Parece que la nómina de políticos en España no debe ser superior a las 80.000 personas entre los que estarían incluidos posiblemente unos 68.000 concejales y alcaldes, de los cuales mas del 90% trabajan ad honorem, es decir sin emolumentos salariales. No parece esta una cifra desproporcionada para un país dotado de un sistema de poder altamente descentralizado y con fuertes tradiciones localistas y vocación de autogobierno.

Este clima conduce a que se cuelen supuestas reformas vistas en positivo por la opinión pública que van a suponer un recorte en el número de concejales y que irán en detrimento de la representación popular pues en amplia medida servirán para refrendar y profundizar el sistema bipartidista que disfrutamos- o sufrimos.

El caso es que cuando un artefacto ideológico como el del derroche en sueldos de políticos se cuela en el imaginario popular ya no hay manera de conducir el debate de una forma racional. Terminaremos por ver a los políticos, incluso a los más modestos concejales que ponen su tiempo y su dedicación voluntaria al servicio de sus conciudadanos, como una especie de chupasangres. Con ello conseguiremos algo seguro: que solo se dediquen a la política los más cínicos, los menos afectados por ese clima de escarnio popular.

Quiero que se me entienda.
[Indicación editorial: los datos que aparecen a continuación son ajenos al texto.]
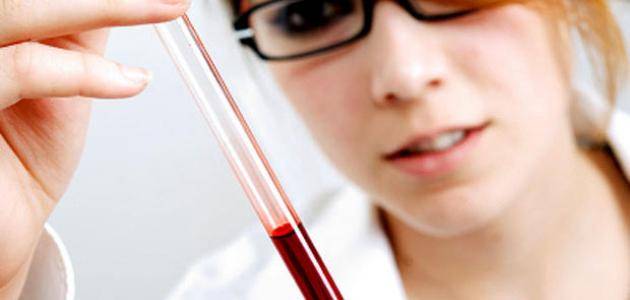 علامة خفية على الأصابع تُنذر بارتفاع معدل الكوليسترول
No digo que las instituciones políticas de este país no merezcan cambios y reformas en profundidad. Al contrario. Tampoco pienso que haya que relajar el control de la actividad de nuestros representantes. Al contrario también. Tenemos una arquitectura institucional necesitada de un cambio notable y tenemos unas élites políticas manifiestamente mejorables. Puede que para lo primero necesitemos una reforma constitucional que exija el mayor respaldo y compromiso social que podamos imaginar. Y que para lo segundo necesitemos revitalizar y desarrollar un nuevo marco regulador de la actividad política en línea con la democratización de los partidos y con la apertura a formas de participación en la gestión pública más directas y vinculantes.

Pero claro, esas son palabras mayores. No es nada eso de ir hacia una nueva constitución y hacia partidos políticos abiertos. Eso es muy difícil. Es mucho más fácil creerse esas tonterías del medio millón de políticos viviendo del presupuesto. Con la demonización de los políticos y de la política sumada a la ola antifuncionarial que nos sirven los medios de comunicación y los mismos políticos que nos gobiernan resolveremos la crisis. De eso no hay duda. Y si no que vuelva Franco, Franco, Franco. Con ese no había políticos que compartiesen el poder. La solución final. Y mucho mas barata.